DIRECTIONS FOR THIS TASK: For the entries below, the result should be an exact transcription of the lines from the one with "STRIJEN-SAS - N. H. Kerk" up to and including the one with "Chandelier Light-Modern Chandelier-Light", and only those.

SUPPLIED MATERIAL:
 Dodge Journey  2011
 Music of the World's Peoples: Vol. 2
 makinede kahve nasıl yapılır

--

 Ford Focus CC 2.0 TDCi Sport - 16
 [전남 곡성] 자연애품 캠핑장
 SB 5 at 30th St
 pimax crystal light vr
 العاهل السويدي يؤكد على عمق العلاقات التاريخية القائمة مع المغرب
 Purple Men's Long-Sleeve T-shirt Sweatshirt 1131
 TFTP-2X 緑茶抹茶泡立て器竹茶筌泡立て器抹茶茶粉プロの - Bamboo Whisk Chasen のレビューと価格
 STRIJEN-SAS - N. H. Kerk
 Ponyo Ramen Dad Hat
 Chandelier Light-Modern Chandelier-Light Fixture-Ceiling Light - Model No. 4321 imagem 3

ANSWER BELOW:
 STRIJEN-SAS - N. H. Kerk
 Ponyo Ramen Dad Hat
 Chandelier Light-Modern Chandelier-Light Fixture-Ceiling Light - Model No. 4321 imagem 3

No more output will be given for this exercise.